Ihrer Hundert und neun und sechzigtausend zogen, nach amtlichen Angaben, im vorigen Jahre aus Europa über’s Meer nach Nordamerika. Noch Hunderttausende schicken sich zu gleichem Zuge an, und in die heißen Thränen des Schmerzes bei der Trennung von den Scheidenden mischen sich bei den meisten der Zurückbleibenden Hoffnungen des Wiedersehens. Nur für die, welche nicht arbeiten mögen, oder können, ist Amerika ein Grab für die ziehenden Geliebten!

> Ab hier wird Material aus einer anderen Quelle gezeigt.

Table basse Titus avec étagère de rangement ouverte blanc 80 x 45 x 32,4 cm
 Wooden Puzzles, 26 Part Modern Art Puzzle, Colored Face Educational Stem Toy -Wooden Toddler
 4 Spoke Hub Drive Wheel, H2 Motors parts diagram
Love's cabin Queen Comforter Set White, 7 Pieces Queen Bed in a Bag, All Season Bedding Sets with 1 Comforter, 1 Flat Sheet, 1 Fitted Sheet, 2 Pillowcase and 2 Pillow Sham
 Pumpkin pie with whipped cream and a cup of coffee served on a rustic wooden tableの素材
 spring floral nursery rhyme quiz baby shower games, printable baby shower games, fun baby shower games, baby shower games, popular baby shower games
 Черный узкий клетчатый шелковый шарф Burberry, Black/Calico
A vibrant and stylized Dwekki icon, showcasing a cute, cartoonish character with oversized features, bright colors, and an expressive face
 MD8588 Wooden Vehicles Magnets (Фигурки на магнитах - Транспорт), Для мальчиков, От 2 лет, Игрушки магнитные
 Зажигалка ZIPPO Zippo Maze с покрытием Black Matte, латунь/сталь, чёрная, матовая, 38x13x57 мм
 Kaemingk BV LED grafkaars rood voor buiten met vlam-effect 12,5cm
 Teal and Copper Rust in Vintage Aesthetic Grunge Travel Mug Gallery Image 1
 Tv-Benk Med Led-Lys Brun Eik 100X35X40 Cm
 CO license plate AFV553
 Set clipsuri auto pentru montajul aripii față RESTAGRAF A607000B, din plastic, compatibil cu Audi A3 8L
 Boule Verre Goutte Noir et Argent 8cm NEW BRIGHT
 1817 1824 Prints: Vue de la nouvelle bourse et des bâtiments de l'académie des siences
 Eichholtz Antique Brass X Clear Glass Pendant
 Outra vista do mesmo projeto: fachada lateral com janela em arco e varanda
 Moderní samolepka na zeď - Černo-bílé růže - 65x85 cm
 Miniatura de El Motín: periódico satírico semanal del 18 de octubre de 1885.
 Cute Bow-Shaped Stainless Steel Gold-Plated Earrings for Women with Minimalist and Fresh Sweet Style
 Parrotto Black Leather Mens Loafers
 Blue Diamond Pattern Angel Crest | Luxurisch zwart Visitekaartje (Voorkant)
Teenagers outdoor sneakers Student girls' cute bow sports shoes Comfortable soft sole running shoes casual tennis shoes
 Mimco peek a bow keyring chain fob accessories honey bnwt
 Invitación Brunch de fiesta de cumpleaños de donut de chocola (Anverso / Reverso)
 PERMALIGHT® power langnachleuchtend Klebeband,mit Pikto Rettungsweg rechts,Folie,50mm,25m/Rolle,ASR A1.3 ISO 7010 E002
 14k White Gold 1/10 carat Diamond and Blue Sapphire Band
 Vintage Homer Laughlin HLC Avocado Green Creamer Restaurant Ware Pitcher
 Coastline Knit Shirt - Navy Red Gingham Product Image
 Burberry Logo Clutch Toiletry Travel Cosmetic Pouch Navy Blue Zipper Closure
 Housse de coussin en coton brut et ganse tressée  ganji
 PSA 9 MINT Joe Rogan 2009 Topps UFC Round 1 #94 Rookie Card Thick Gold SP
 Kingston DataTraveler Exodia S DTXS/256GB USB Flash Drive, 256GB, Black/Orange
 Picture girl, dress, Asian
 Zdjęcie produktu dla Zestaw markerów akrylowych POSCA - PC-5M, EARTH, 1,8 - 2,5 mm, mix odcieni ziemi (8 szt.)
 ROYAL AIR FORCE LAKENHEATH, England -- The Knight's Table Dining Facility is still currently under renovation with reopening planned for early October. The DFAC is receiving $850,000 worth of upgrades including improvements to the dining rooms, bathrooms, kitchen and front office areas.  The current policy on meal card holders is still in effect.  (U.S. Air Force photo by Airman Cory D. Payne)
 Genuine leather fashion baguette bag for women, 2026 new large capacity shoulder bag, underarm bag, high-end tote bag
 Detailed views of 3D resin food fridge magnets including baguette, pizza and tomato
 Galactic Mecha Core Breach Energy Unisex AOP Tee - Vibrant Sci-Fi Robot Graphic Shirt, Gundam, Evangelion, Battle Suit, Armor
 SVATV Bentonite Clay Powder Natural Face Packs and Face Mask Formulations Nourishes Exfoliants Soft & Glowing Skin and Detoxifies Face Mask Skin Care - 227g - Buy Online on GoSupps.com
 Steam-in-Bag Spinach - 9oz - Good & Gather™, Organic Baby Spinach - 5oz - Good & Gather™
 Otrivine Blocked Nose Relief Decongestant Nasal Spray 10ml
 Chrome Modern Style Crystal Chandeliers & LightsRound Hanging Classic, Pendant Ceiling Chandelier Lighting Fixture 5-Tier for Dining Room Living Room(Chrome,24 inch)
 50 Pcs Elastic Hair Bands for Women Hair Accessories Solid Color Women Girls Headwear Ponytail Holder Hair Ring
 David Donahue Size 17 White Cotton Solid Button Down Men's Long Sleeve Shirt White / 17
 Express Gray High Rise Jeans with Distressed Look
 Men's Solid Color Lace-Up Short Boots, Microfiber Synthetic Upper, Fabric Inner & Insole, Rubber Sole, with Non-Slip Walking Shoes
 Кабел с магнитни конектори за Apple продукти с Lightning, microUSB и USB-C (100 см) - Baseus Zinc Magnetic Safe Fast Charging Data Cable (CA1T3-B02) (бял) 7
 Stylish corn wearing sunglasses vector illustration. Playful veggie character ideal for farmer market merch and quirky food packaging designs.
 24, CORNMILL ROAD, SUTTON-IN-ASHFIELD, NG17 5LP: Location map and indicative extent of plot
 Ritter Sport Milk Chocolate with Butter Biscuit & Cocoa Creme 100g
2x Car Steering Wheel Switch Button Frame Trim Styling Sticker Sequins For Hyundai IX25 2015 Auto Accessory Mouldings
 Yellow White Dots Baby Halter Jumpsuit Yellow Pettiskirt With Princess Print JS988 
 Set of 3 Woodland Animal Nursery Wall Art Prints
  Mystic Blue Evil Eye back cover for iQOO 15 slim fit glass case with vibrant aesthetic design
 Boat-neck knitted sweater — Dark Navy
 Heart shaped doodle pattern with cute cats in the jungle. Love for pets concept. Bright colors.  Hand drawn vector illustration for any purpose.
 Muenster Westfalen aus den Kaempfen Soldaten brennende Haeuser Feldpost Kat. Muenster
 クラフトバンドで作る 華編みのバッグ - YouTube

Aber was ist die Ursache dieser neuen Völkerwanderung? Was treibt diese zahllosen Schaaren aus dem Lande ihrer Väter? Was treibt die Menschen, sich loszureißen von Allem, was nach Gewohnheit, Begriffen und Neigungen der Menschen ihnen am theuersten ist auf Erden, und zu fliehen über Meer und Länder in den fernsten Welttheil? Sind’s die Dämonen des Krieges? Wir leben in Frieden! Sind’s des Todes Würgengel, Pest und verheerende Seuchen? Sie haben uns verlassen! Oder ist’s der Fluch des Himmels, der auf Europa lastet, was die Menschen fortscheucht? Hat der Lauf der Gestirne seine Gesetze, hat die Erde ihre Bahn geändert? Ist das Feuer [81] der Sonne für den Welttheil erloschen? Ist das Erdreich, sind die Gewässer verschlossen, steigen keine Wolken mehr auf, fällt Thau und befeuchtender Regen nicht mehr? Behalten die Berge vielleicht ihre Quellen zurück, sind die Flüsse vertrocknet? Tragen nicht mehr die Pflanzen Saat und Früchte, zeugen nicht mehr die Thiere ihres Gleichen? oder hat Gott die Elemente entfesselt, mit Erdbeben und Fluthen und Flammen den Welttheil zu verwüsten? Antwortet ihr Ziehenden! Hat Gott die ursprüngliche feste Ordnung, die er der Natur anwieß, aufgehoben für den Welttheil, hat euch der Himmel die Güter verringert, die er den Geschlechtern vor euch gewährte, sind der Hülfsquellen, die er den Menschen vor euch anwieß, weniger geworden? Sprecht, Auswanderer! Hat Gott die Mauern euerer Städte umgestürzt, daß ihr sie flieht, hat Er eure Felder verwüstet, daß ihr sie verlaßt, hat Er euch die Erndten geraubt, oder die Fruchtbäume zerknickt, hat Er den Lohn euerer Arbeit euch entrissen, hat Seine Habsucht euch arm und elend gemacht? Wanderer, so sprecht doch, sagt, welche Zauberkraft euch zwingt, die blühenden Länder Europas voll prachtvoller, üppiger Städte, voll gesegneter, lachender Gauen und fruchtreichen Fluren, die Aeltern, die Geschwister und Freunde zu verlassen, die Gefahren und Kosten der Reise über das Weltmeer zu tragen, um – die Einsamkeit in den Wäldern Nordamerika’s zu suchen? Unglückliche ihr, oder Verrückte! gebt Antwort! – – – Wohl Tausend und aber Tausend öffnen den mit bitterm Lächeln umzogenen Mund; und die Antwort – sie hat ja längst ein Echo in jeder Männerbrust gefunden!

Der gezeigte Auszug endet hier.